There is a tipping point-a point where the dynamics of the ecosystem will be altered too much. A point where too little area is left, too few characteristics required by the wildlife are changed and there are no longer the right conditions for the monarchs, birds, deer, coyotes, fox, flying squirrels…..  Where is the tipping point and how close are we?

More development will also bring more traffic—parking spaces for the proposed and existing developments are an estimated 5,266 spaces. How much more traffic can be added to the roadway that slices through the environmental corridor on the Northeast Quadrant?

Development has an impact on natural areas. We must do better on the County Grounds. Technology has improved, we know to build with less impact to wildlife and ecological systems.  It is imperative that this developer use the most current and best practices available and it will be up to the County Board to assure us the land they sold to UWM is protected from over-development and that the board continues to protect the interests of the citizens who have fought for over 20 years to SAVE THE COUNTY GROUNDS.

The requests we are making now were vetted and adopted years ago. It is reasonable to ask the Board to uphold these protections and standards. It is even reasonable after 10 years, to improve on these standards! For everyone who has been advocating for the County Grounds over the many many years, now is when we must finally get the protections right.

I feel Irgens Development would be amenable to these protections. If not, we must ask why? And if we do not insist on these higher standards what will the consequences be?

Barb Agnew, Founder of the Monarch Trail and member of the County Grounds Coalition.

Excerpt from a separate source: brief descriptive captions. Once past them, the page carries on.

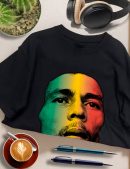 Men Bob Marley Face Shirts  David Burnett Guitar Photo Shirt Handmade T-Shirts Fashion Logo Tee Cotton Women Soft Shirts Crew Neck Short Sleeve Shirt Hip Hop Tee Top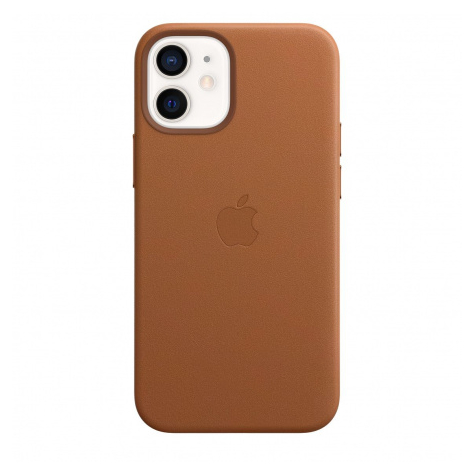 Apple iphone 12 mini étui en cuir avec magsafe saddle brown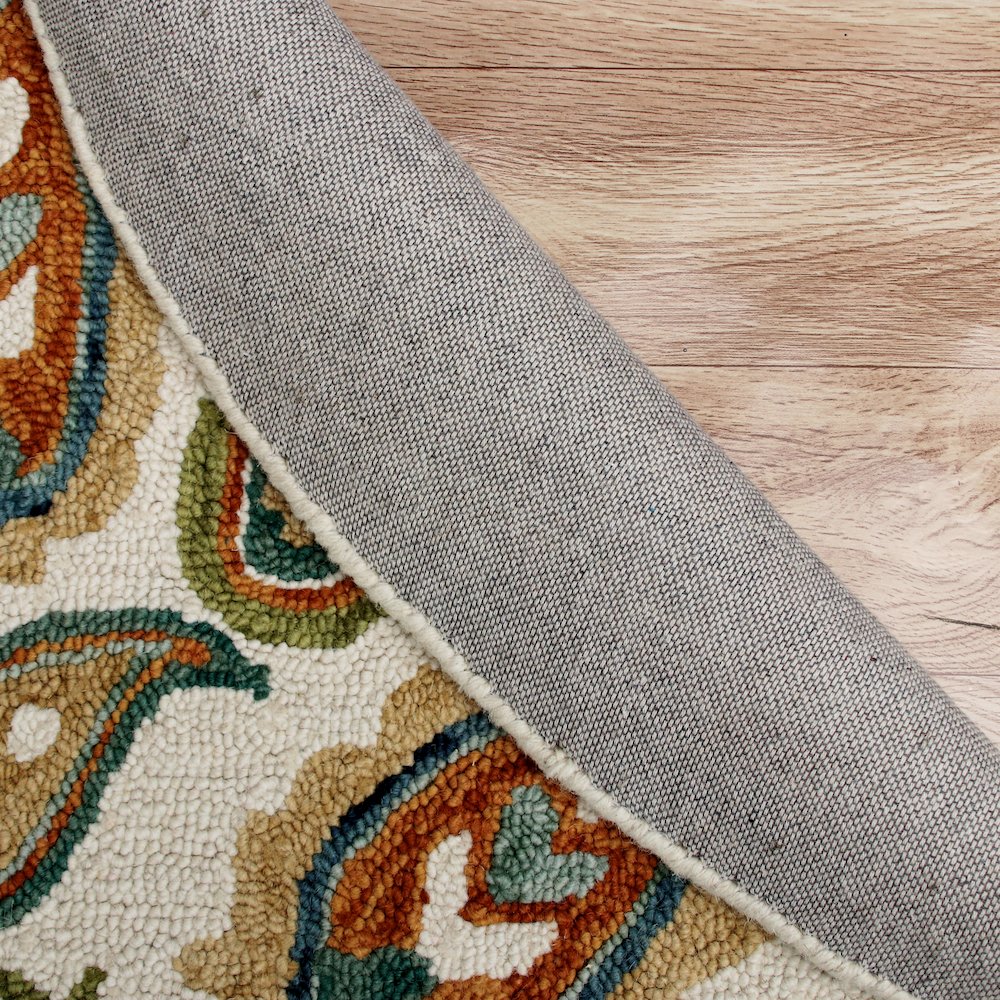 Multicolored Paisley Paradise Medallion Round Rug. Picture 6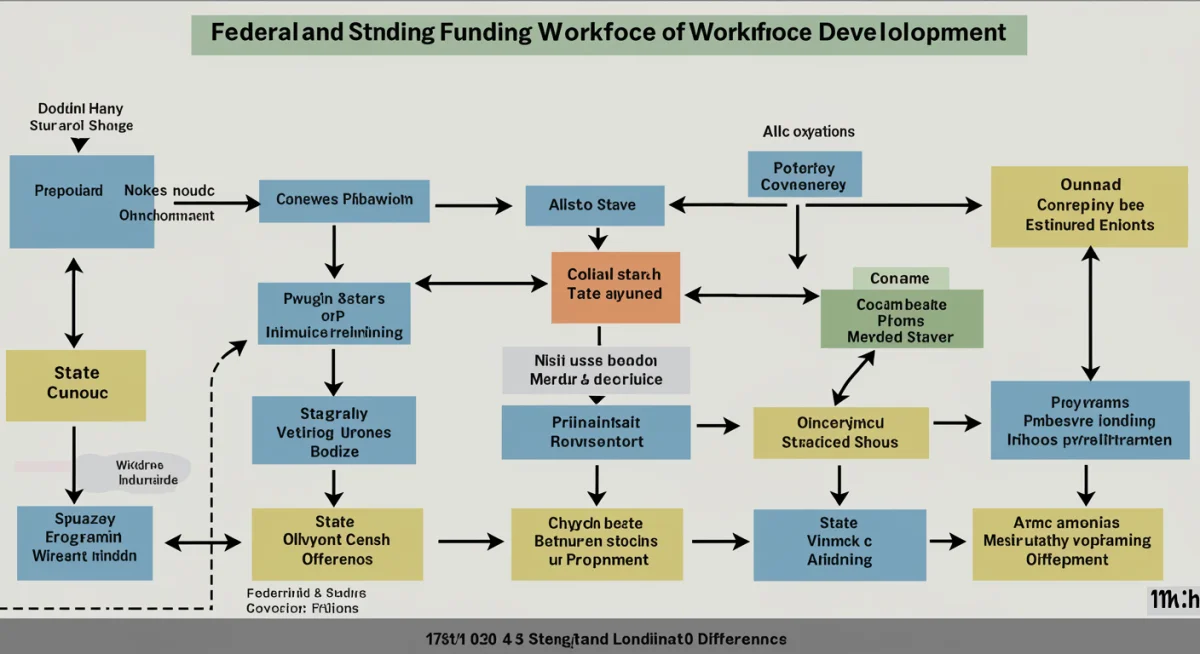 Infographic showing federal and state funding distribution for digital upskilling programs.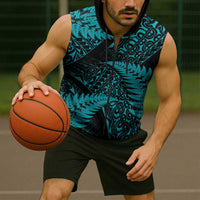 New Zealand Rugby Pacific Personalised Sleeveless Zip Hoodie All Turquoise Maori Pasifika Fern Pattern - Polynesian Pride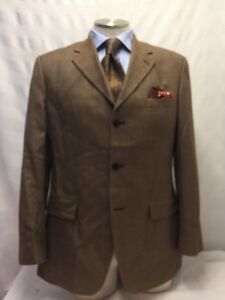 Men's BACHRACH Medium Brown 3 Button Double Vent Silk And Wool Sport Coat 42L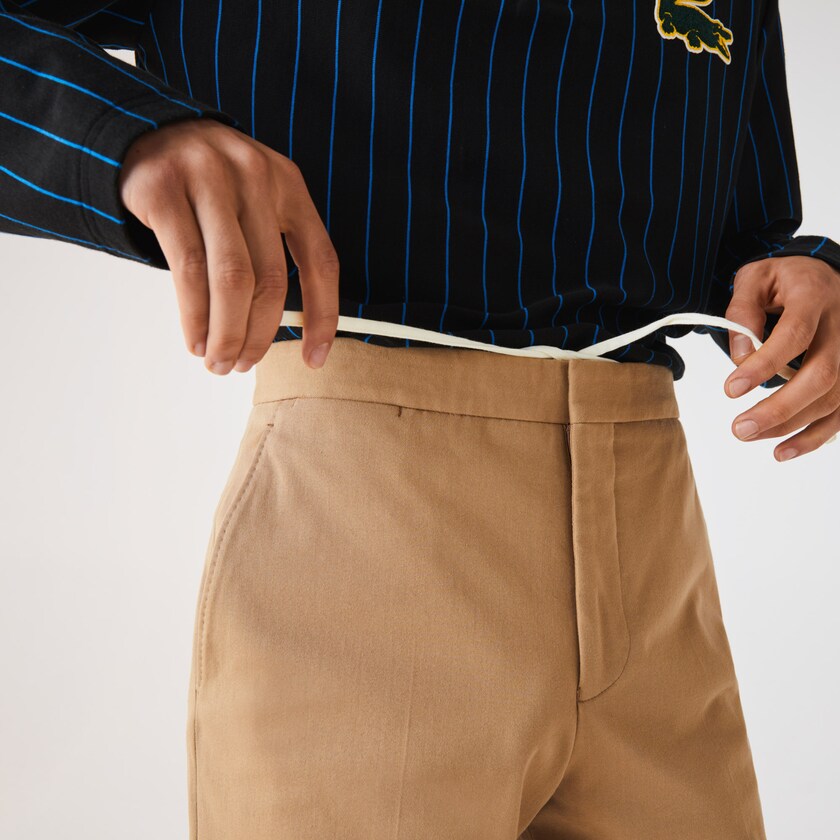 Men's Lacoste Beige Pants Slim Fit Stretch Cotton Pleated Chino CU3-94969G1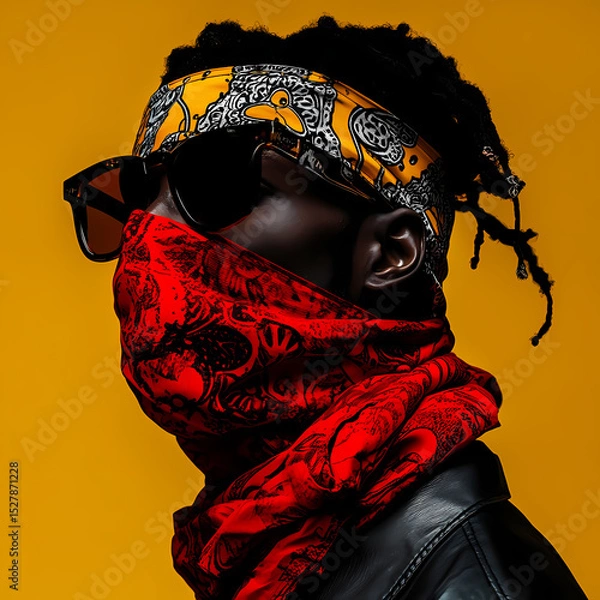 Fototapeta Man with dreadlocks wears scarf over face against yellow background Generative AI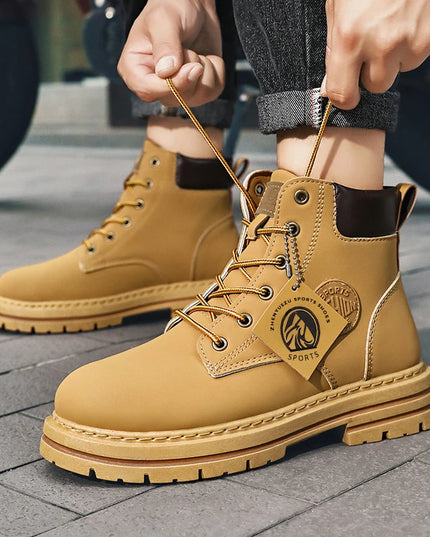 Men Shoes Fashion Motorcycle Boot Waterproof Leather Boots Spring Lace-Up Platform Boot New High Top Boots for Men Botas Hombre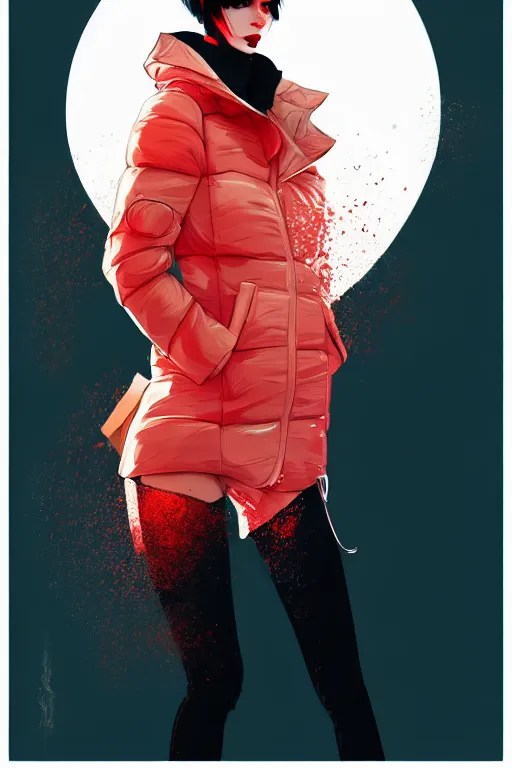 Prompt: a ultradetailed beautiful painting of a stylish woman wearing a puffer jacket, by conrad roset, greg rutkowsk and ilya kuvshinov trending on artstation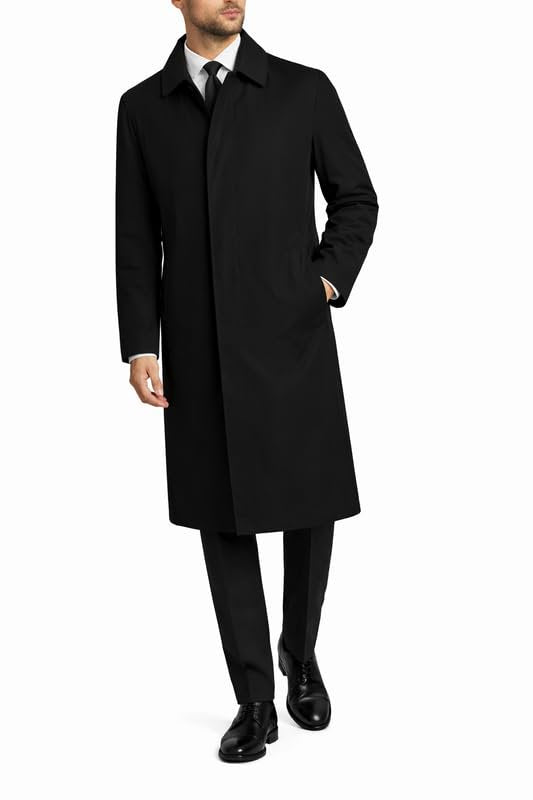 Adam Baker Bergen Men's Trench Coat – Full Length Waterproof Raincoat, Single-Breasted with Zip-Out Liner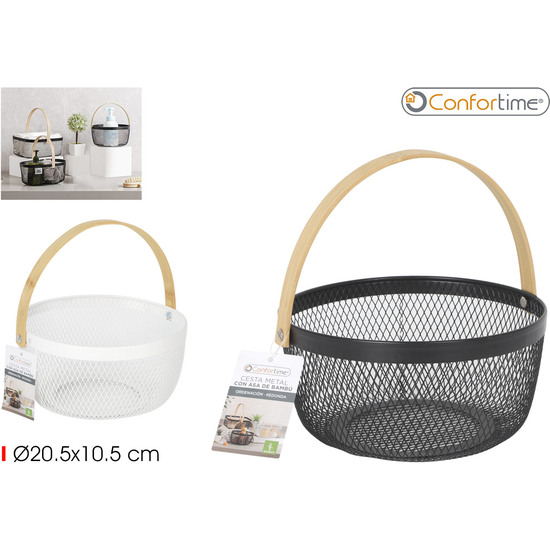CESTA METAL ORDENAC.REDO.ASA MADERA CONFORTIME image 0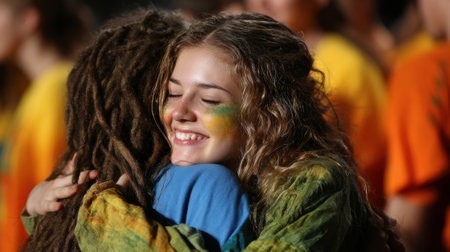 Close-up of two young women embracing warmly, both smiling with eyes closed. One has colorful face paint on her cheek. They appear to be at an outdoor event or festival.の素材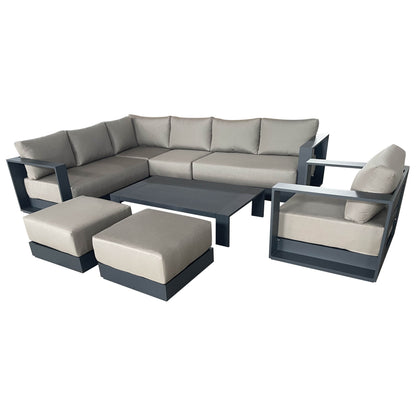 CIEUX Lyon 5 Piece Outdoor Patio Aluminum Metal L Shaped Sectional Sofa, Club Chair, 2 Ottomans, and Coffee Table Set in Midnight Grey with Sunbrella Cushions, image 11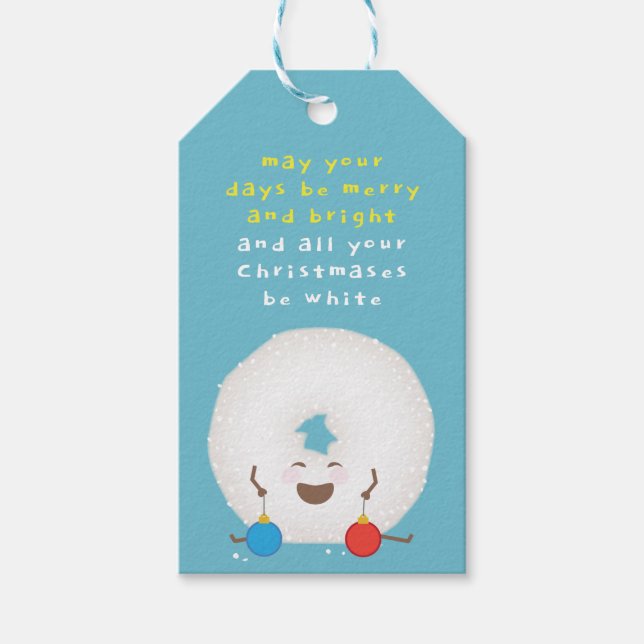 Powdered Sugar Doughnut Christmas  Gift Tags (Front)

2 thoughts on “Op Ed: Save the County Grounds. Again”

  1. just1paul says:

    So typical. Land sold with restrictions. Land sold again and restrictions “accidentally” get encroached on, cut down, changed so the surrounding area is no longer as it was restricted to be. Irgens should be held to standards to restore, but I am certain that will never happen. Greed.

  2. Mingus says:

    In driving around Milwaukee and the suburbs, it is not hard to find large open parcels of land that could be developed. Many of these parcels have building and utilities like the closed Oster Plant on the boundary between Whitefish Bay and Glendale. Maybe if these sites were utilized, developers would not have to come to the local governmental body as they usually do, asking for some type of tax break, loan, or monetary handout for the project.